- Frank J. Leavitt, Ph.D.
The Jakobovits Center for Jewish Medical Ethics Faculty of Health Sciences, Ben Gurion University of the Negev Beer Sheva, Israel.
The recently-settled university lecturer's strike in Israel caused the suspension of most university activities (except research), which of course benefits the lecturers often more than the students- for nearly three months. Medical and nursing schools were least affected. But this was only very partially because of ethical objection to the strike. Many medical and nursing lecturers simply happen to be employed by hospitals or sick funds and do not, therefore, fall under the authority of the National Academic Staff Association.
Unlike industrial workers' strikes, which usually punish the bosses responsible for the worker's problems and not the public (a scarcity of new cars, for example, really hurts nobody) lecturers' and teachers' strikes, like those of physicians and nurses, punish the innocent (students, pupils, the sick).

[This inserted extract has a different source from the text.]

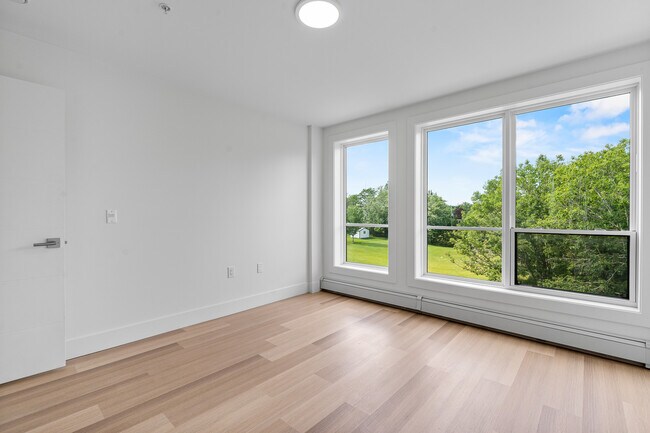 Photo - River Residence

In the aftermath of the strike it is hard to teach bioethics in Israel without a certain hypocrisy. Those of us who refused to strike cannot really separate ourselves morally from the intellectual and scientific community to which we belong. Although it would be nice to say: "I'm OK. Those other guys are the bad ones", the truth is the "no person is an island". When we teach bioethics, like any other subject, we do so as part of a curriculum and help initiate our students into an academic community, its values and traditions. But the academic community into which we bring our students has shown that for financial motives it is willing to suspend the life of the mind, the pursuit of truth, wisdom, beauty and goodness. How can I teach future physicians and nurses that money is not an ultimate value when so many lecturers have demonstrated that it is?

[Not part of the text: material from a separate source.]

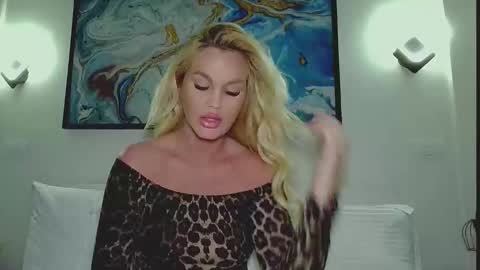 Monica online show from April 2026 03:29:02 AM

Here in Israel I have been trying to publicize my idea of a solution to the materialism which caused the lecturers' strike. I have a dream of a real university, where money and careers would not be important, where we would pursue learning for its own sake. The models would be the medieval intellectual monasteries (but without celibacy), the traditional Jewish yeshivot, and the Israeli kibbuts. Students and lecturers alike would provide for much of our physical needs by putting part-time into agricultural or other manual labour. This would both reduce tuition fees and contribute to that direct, first hand experience with land and nature which is necessary for a deep appreciation of the ecological aspects off bioethics. Interdisciplinary and cross-cultural studies would provide a basis for the bioethics of the future. The Bioethics University should be international, with one campus in Israel and another in Japan (two countries which have combined the most advanced science with the most profound spirituality). The community of students and lecturers, academia bioethica, should spend half of each year in each country for the sake of constant development of the cross-cultural approach. Is this a crazy dream, or it there a way to raise the money and backing to make it possible?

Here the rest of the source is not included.